= DATA PROVIDED =
-------

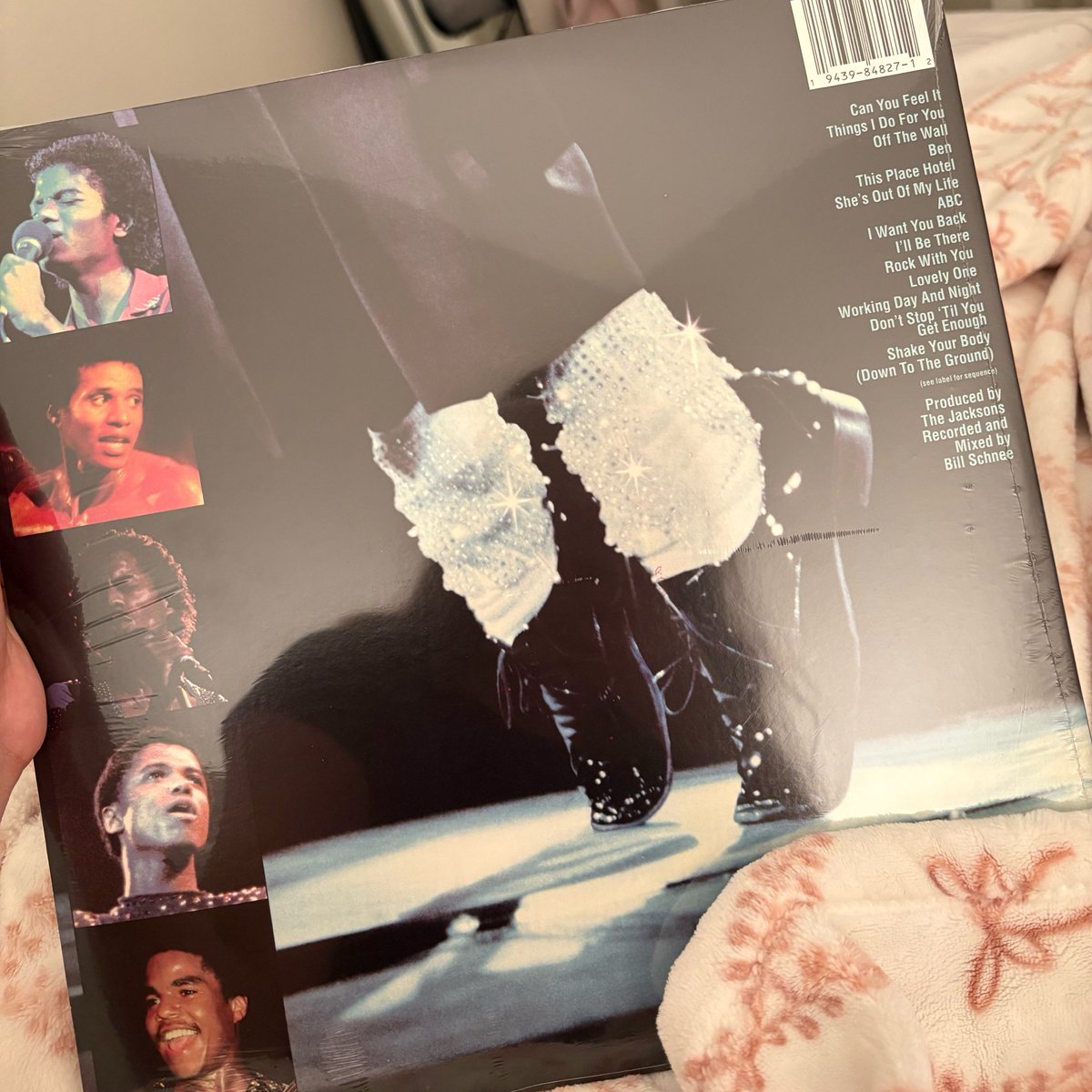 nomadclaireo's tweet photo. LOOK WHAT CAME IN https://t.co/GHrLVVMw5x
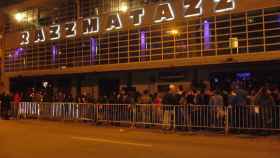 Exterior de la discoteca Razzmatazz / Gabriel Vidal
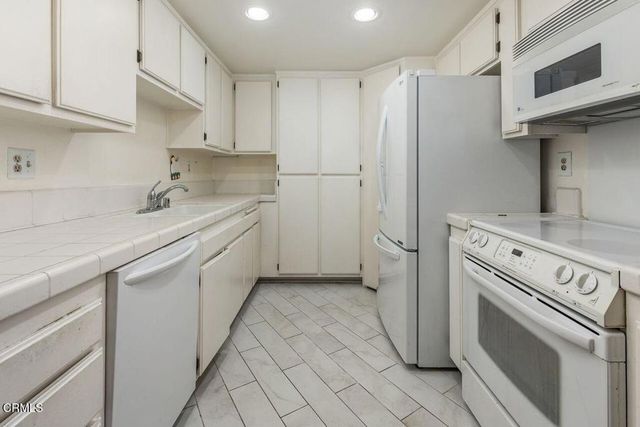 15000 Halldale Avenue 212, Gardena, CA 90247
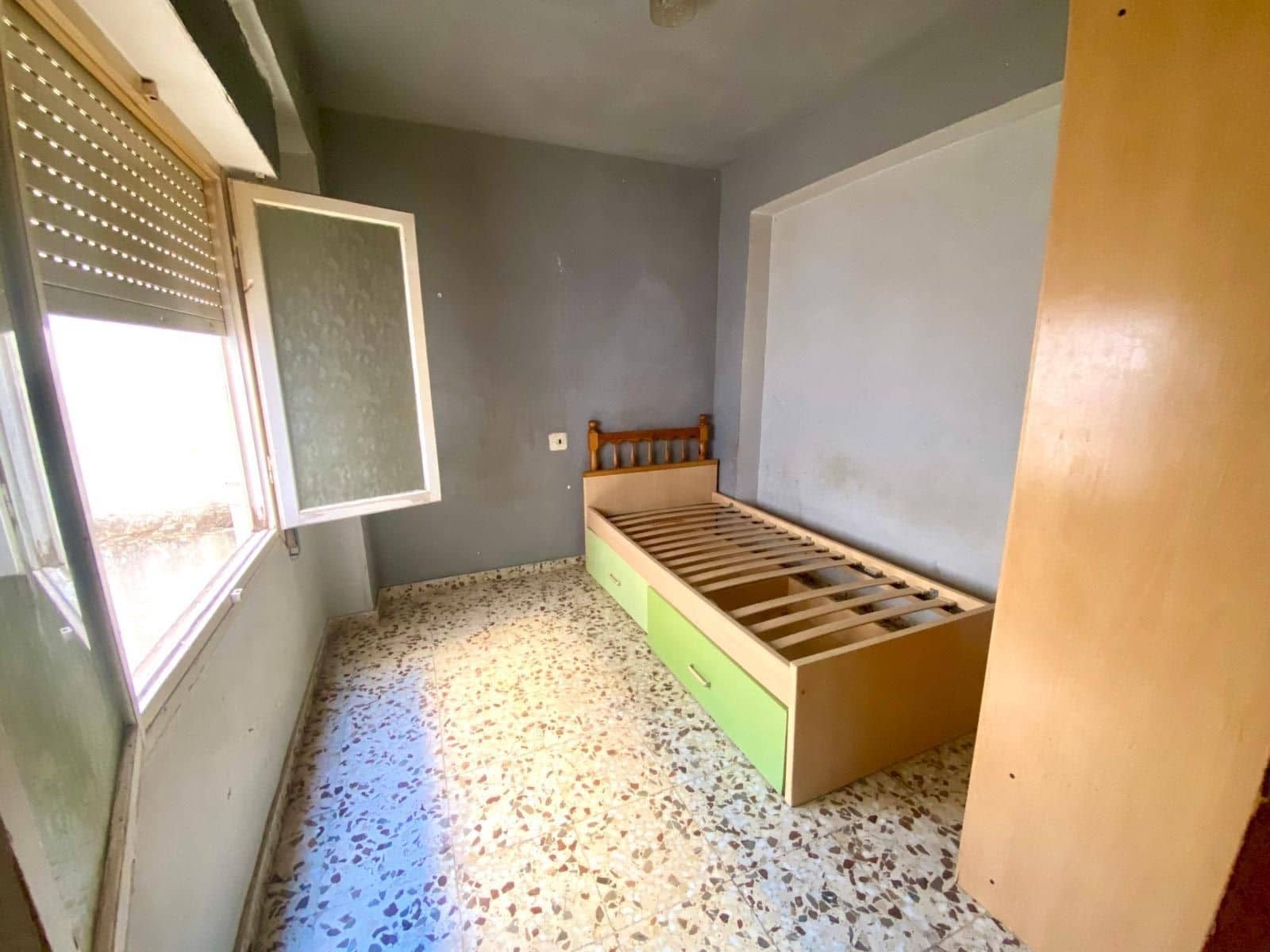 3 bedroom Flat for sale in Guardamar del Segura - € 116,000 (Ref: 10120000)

-------

= YOUR OBJECTIVE =
Return exactly the lines starting at the line with "15000 Halldale Avenue 212, Gardena, CA 90247" and ending at the last line of the listing, both ends included; pictures are to be left out.

= ANSWER BOX =
 15000 Halldale Avenue 212, Gardena, CA 90247
 3 bedroom Flat for sale in Guardamar del Segura - € 116,000 (Ref: 10120000)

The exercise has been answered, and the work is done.